(Dataset items)
========================================

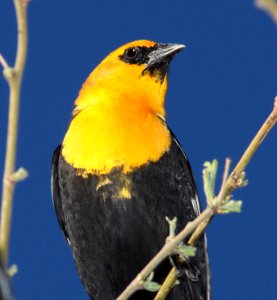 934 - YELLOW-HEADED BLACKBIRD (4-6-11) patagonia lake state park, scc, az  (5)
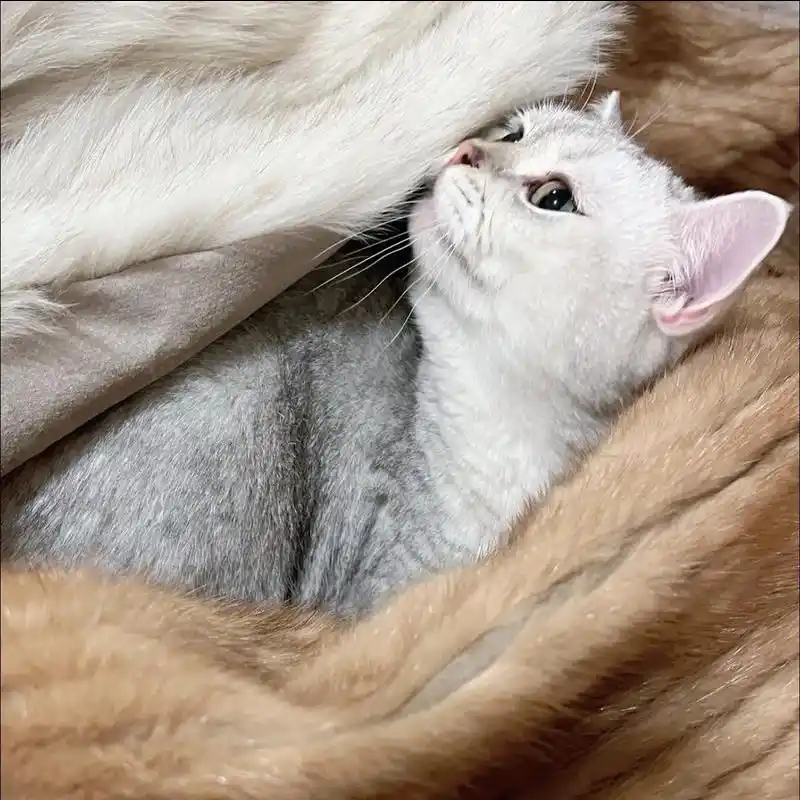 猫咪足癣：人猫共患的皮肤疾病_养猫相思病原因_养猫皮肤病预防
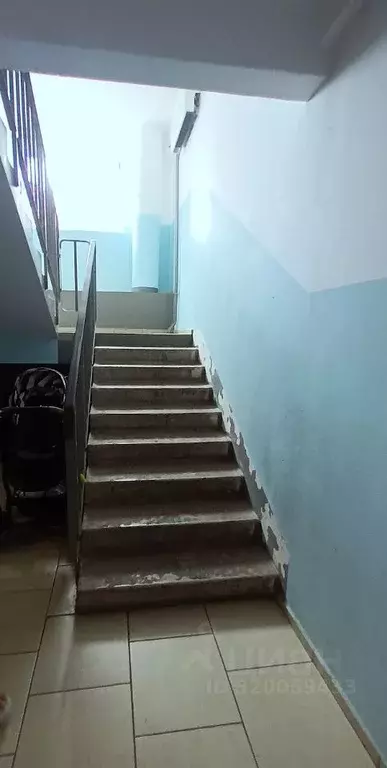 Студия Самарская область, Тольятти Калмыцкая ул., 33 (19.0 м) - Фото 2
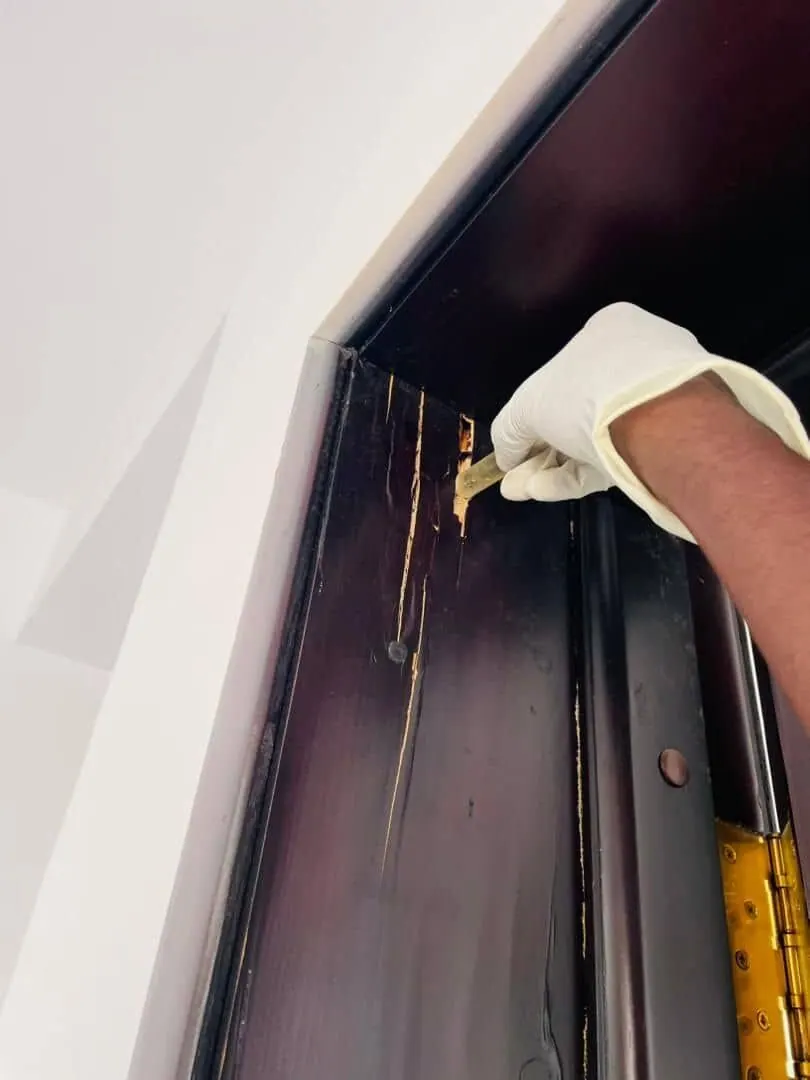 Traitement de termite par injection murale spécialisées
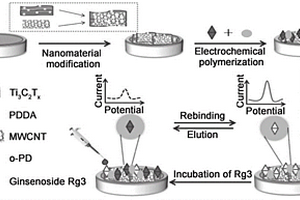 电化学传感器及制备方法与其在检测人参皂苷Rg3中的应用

========================================

Exercise description:
Copy out all the records exactly as they read, and omit the pictures.

Exercise answer:
 934 - YELLOW-HEADED BLACKBIRD (4-6-11) patagonia lake state park, scc, az  (5)
 猫咪足癣：人猫共患的皮肤疾病_养猫相思病原因_养猫皮肤病预防
 Студия Самарская область, Тольятти Калмыцкая ул., 33 (19.0 м) - Фото 2
 Traitement de termite par injection murale spécialisées
 电化学传感器及制备方法与其在检测人参皂苷Rg3中的应用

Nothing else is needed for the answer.